- Opening Delimiter -
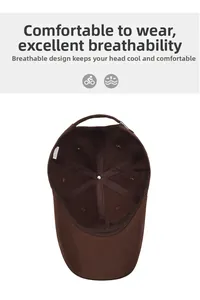 Detail view of cotton baseball cap interior featuring breathable seams and quality wash label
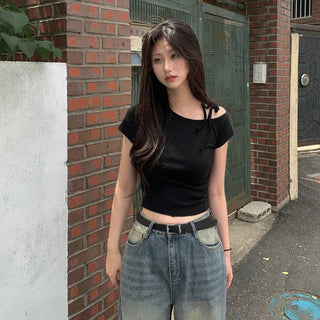 One-shoulder ribbon short-sleeved T-shirt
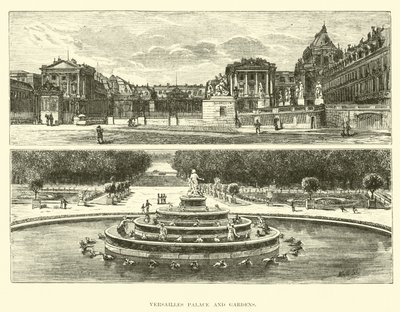 Paleis en tuinen van Versailles door English School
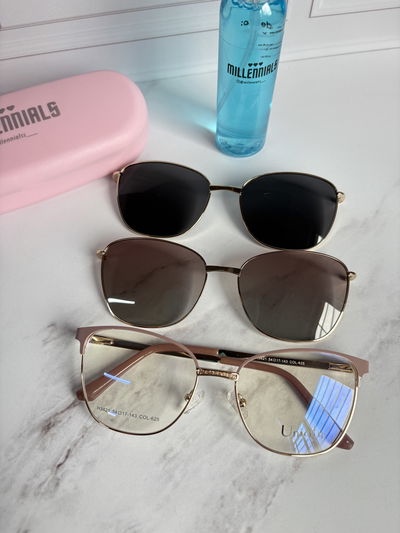 Clip on dos placas tayla rosa viejo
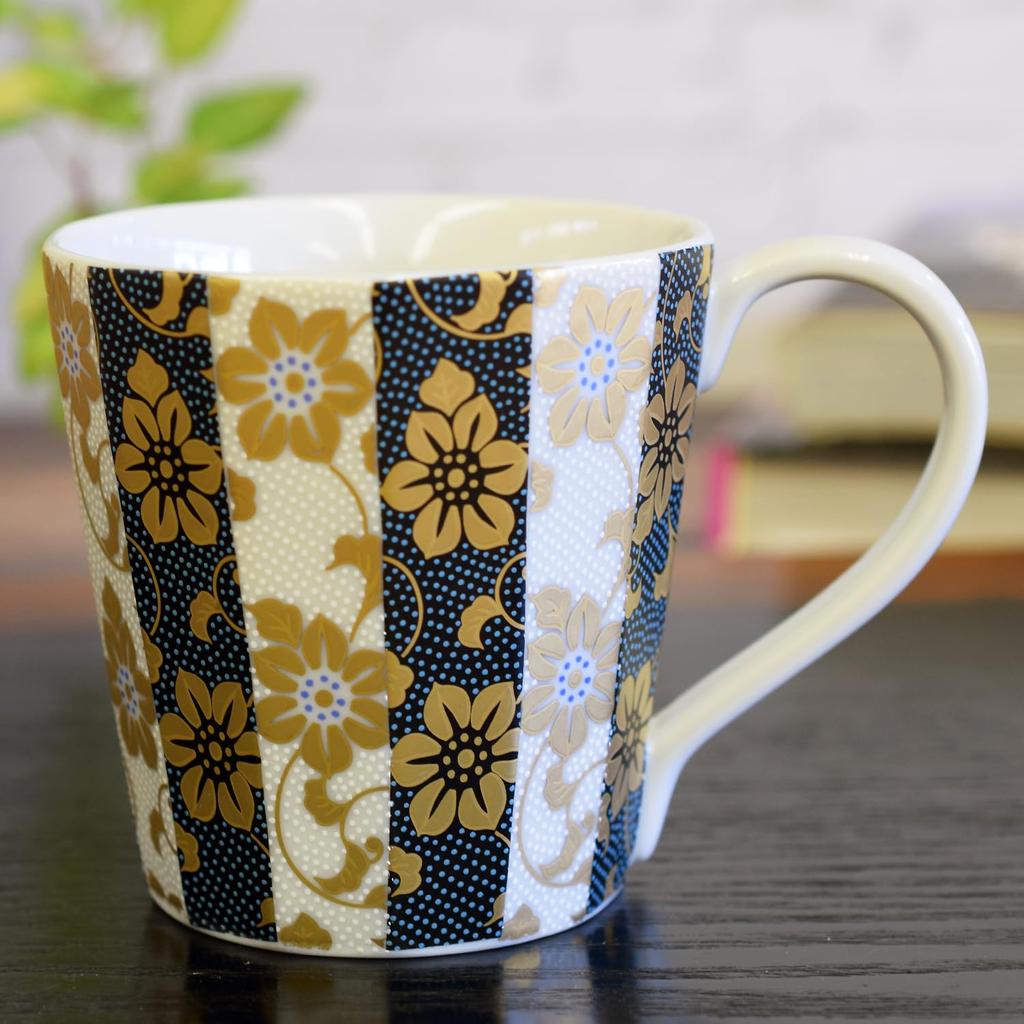 Mug Stylish Tableware Kutani Ware Blue Grain White Grain Tetsusen Pattern Pottery Luxury Brand Made In Japan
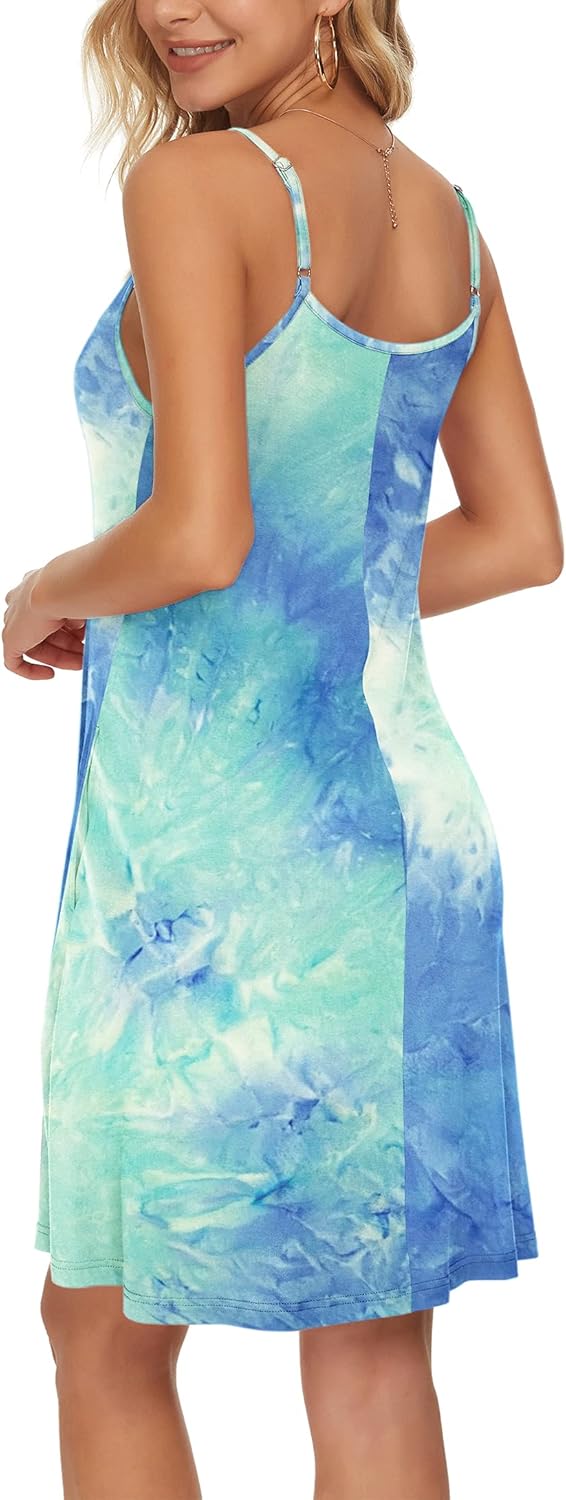 WNEEDU Damen Kleid Sommer Spaghettiträger Sommerkleid Kurze Strandkleider V Ausschnitt Leichte Freiz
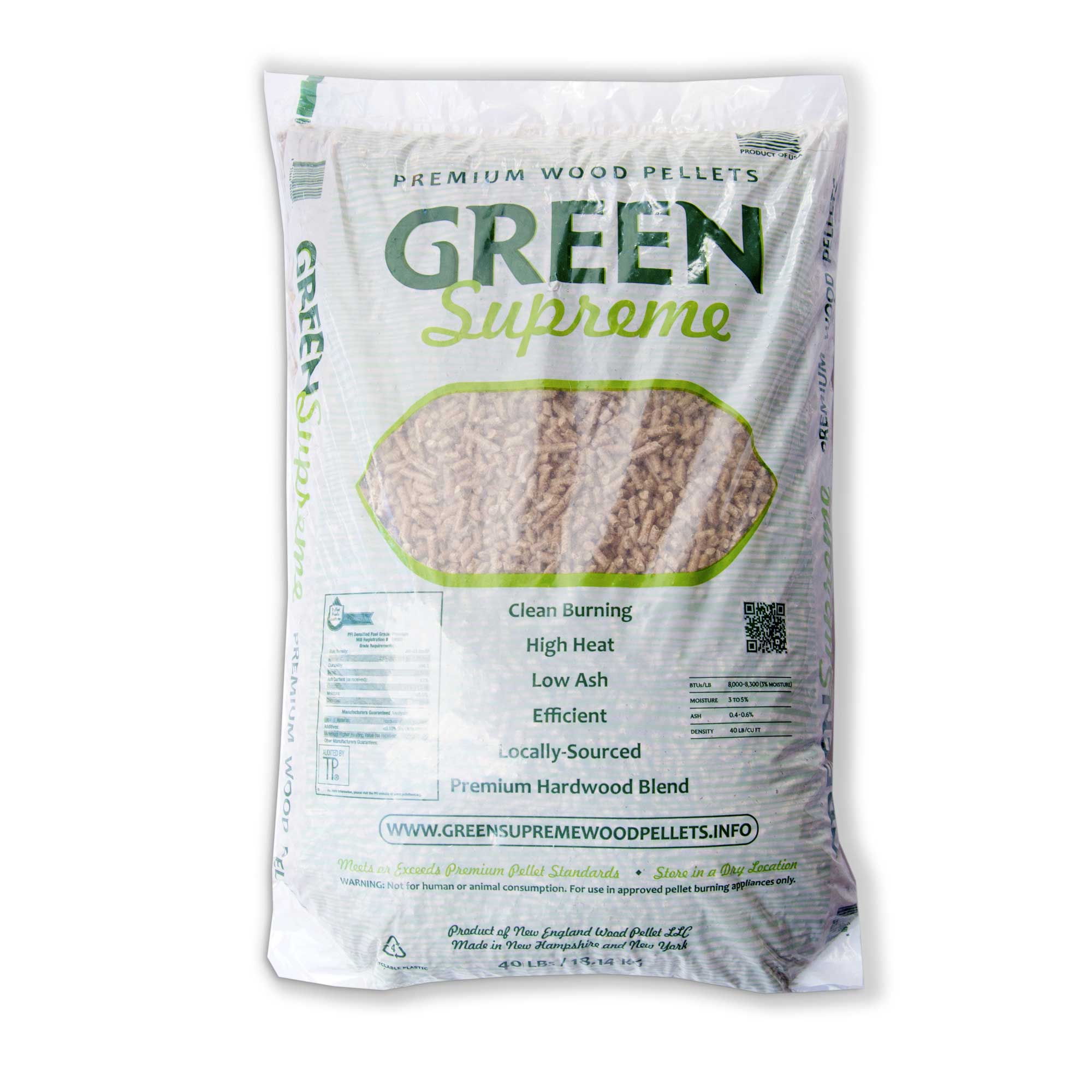 Green Supreme Premium Wood Pellets, 40 lbs.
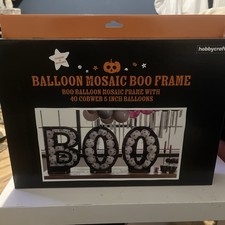 Halloween Balloon Mosaic Stand Kit Black BOO  | Spooky Cobweb Party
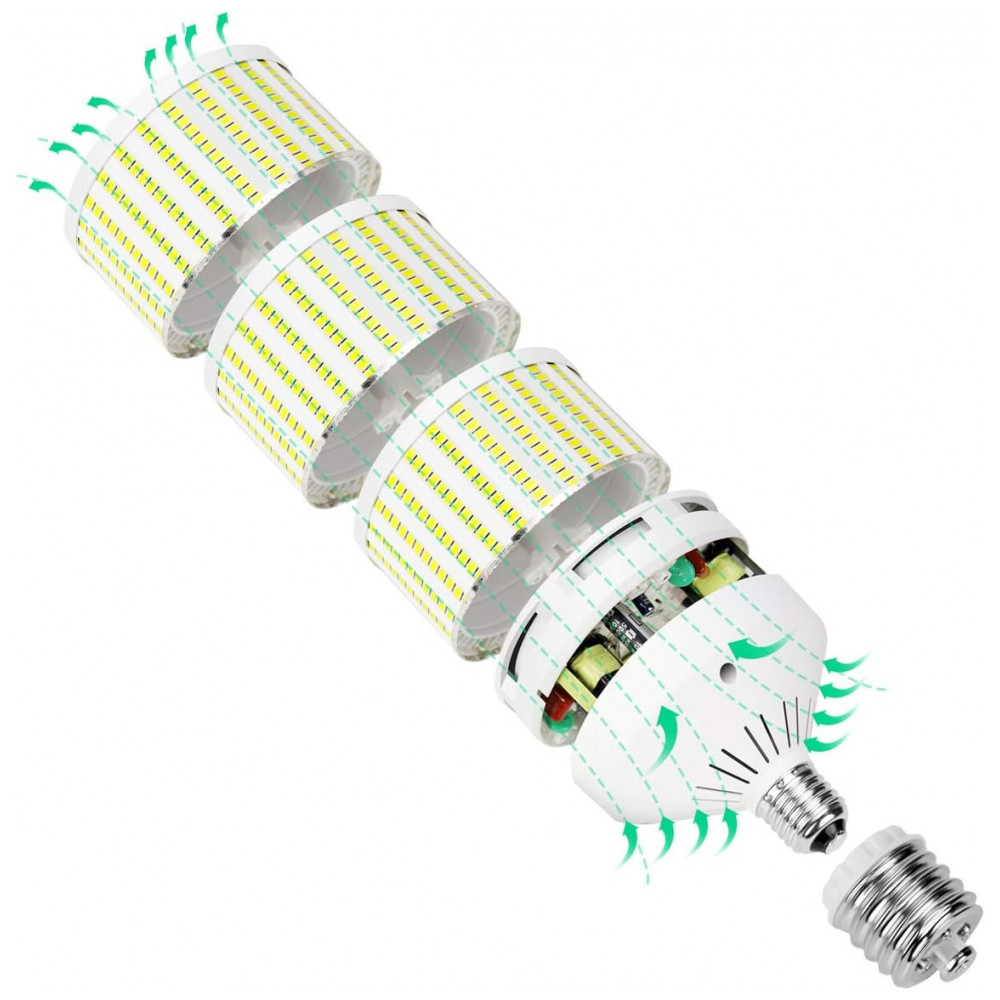 Lâmpada LED Corn 150W LEDEPLY, 15000 lúmens, 5000K daylight, base E26/E39, alta eficiência para galpões, fábricas, oficinas e áreas externas. - Imagem 2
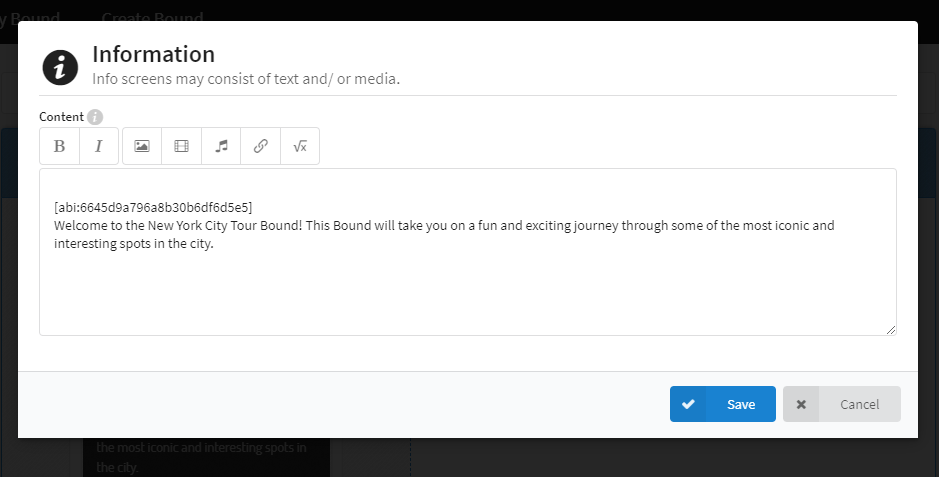 image of how to create bound in actionbound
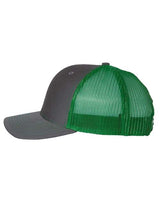 Richardson 112 Snapback Trucker Cap #color_Charcoal/ Kelly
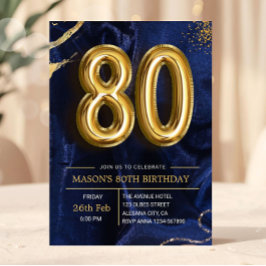 Invitación Modern Navy Blue and Gold 80th Birthday Invitation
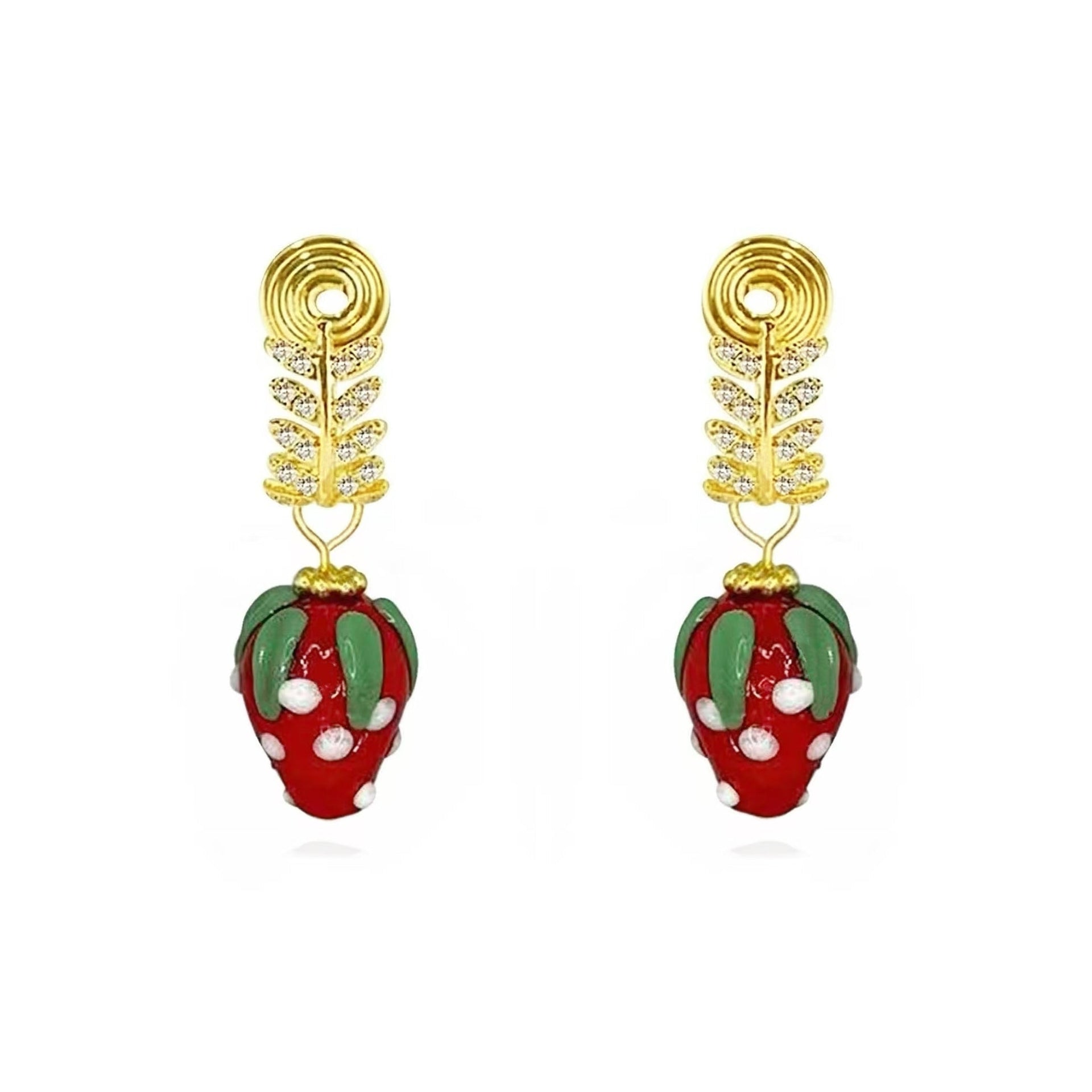 Strawberry Hoops Clip On Earring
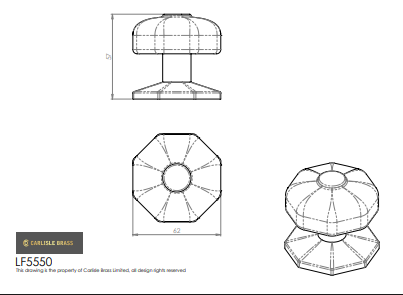 Octagonal Centre Door Knob
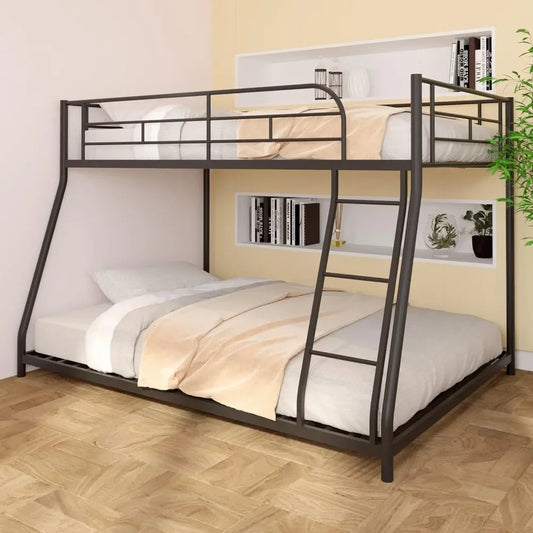 Bunk Bed Twin Over Full Sturdy Steel Metal Bed Frame with Flat Ladder and Guardrail for Children/Teens/Adults Black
- Closing Delimiter -
_Your goal_: Write the listing above out again exactly, but not the images it holds.

_Result of this exercise_:
 Detail view of cotton baseball cap interior featuring breathable seams and quality wash label
 One-shoulder ribbon short-sleeved T-shirt
 Paleis en tuinen van Versailles door English School
 Clip on dos placas tayla rosa viejo
 Mug Stylish Tableware Kutani Ware Blue Grain White Grain Tetsusen Pattern Pottery Luxury Brand Made In Japan
 WNEEDU Damen Kleid Sommer Spaghettiträger Sommerkleid Kurze Strandkleider V Ausschnitt Leichte Freiz
 Green Supreme Premium Wood Pellets, 40 lbs.
 Halloween Balloon Mosaic Stand Kit Black BOO  | Spooky Cobweb Party
 Lâmpada LED Corn 150W LEDEPLY, 15000 lúmens, 5000K daylight, base E26/E39, alta eficiência para galpões, fábricas, oficinas e áreas externas. - Imagem 2
 image of how to create bound in actionbound
 Richardson 112 Snapback Trucker Cap #color_Charcoal/ Kelly
 Invitación Modern Navy Blue and Gold 80th Birthday Invitation
 Strawberry Hoops Clip On Earring
 Octagonal Centre Door Knob
 Bunk Bed Twin Over Full Sturdy Steel Metal Bed Frame with Flat Ladder and Guardrail for Children/Teens/Adults Black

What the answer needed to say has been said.